Aktuelles zu Finanzmärkten und Konjunktur
Wocheninfo vom 12.08.2024
- Dreht das Sentiment am Aktienmarkt nach dem Kurseinbruch?
- Aktien: auf Stabilisierungskurs
- Anleihen: Wieder zunehmende Renditen
- Devisen: Eurokurs stagniert
- Rohstoffe: Ölpreis deutlich im Plus
- Höhere Industrieproduktion
- Deutlicher Anstieg der industriellen Neuaufträge
- Warenexporte weiterhin rückläufig
- Nahezu ein Drittel mehr Firmenpleiten
Dreht das Sentiment am Aktienmarkt nach dem Kurseinbruch?
Nach dem heftigen Einbruch der Aktienmärkte Anfang der vergangenen Woche haben sich die Märkte wieder erholt. Der Einbruch könnte aber das Sentiment an den Märkten nachhaltig verändert haben. Die Hoffnungen auf große Wachstumseffekte der Künstlichen Intelligenz (KI) könnten hinterfragt und die Konjunkturrisiken in den USA höher gewichtet werden.
Investoren und Anleger hatten sich in der langen Rallye seit vergangenem Oktober sehr optimistisch gezeigt. Insbesondere die Technologiebranche hatte von Hoffnungen auf KI-bedingte Produktivitätsgewinne profitiert. Auch andernorts verhalfen einzelne Produkte dem Markt zu großem Optimismus, etwa die Abnehmmedikamente von Novo Nordisk und Eli Lily. Hinzu kam die Erwartung einer weichen Landung der US-Wirtschaft, also stabilisierter Inflation ohne Rezession, und einer sich dann weiter aufhellenden Weltwirtschaft.
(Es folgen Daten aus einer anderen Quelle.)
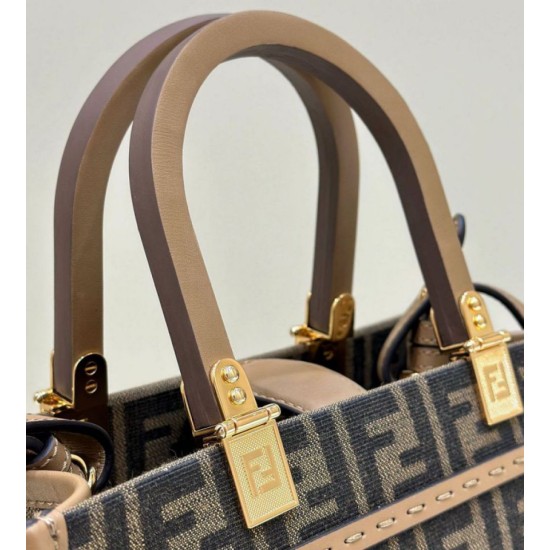 Borsa Fendi Sunshine Small Shopper Tote FF in tessuto jacquard Marrone Replica Replica Perfette Borsa Fendi Sunshine Small Shopper Tote FF in tessuto jacquard Marrone imitazioni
Zu Beginn der Woche wich der Optimismus einer kurzen Panikattacke. Der japanische Nikkei verlor zweistellig, auch aufgrund der Rückabwicklung von Carry Trades – eine Geldanlage zur Ausnutzung internationaler Zinsunterschiede. Die Anleger waren von steigenden Zinsen und der damit verbundenen Aufwertung des Yen überrascht worden. Im Anschluss gaben die Märkte weltweit nach. Die Märkte beruhigten sich im Verlauf der Woche wieder und die Verluste wurden zwar nicht ausgeglichen, aber eingedämmt.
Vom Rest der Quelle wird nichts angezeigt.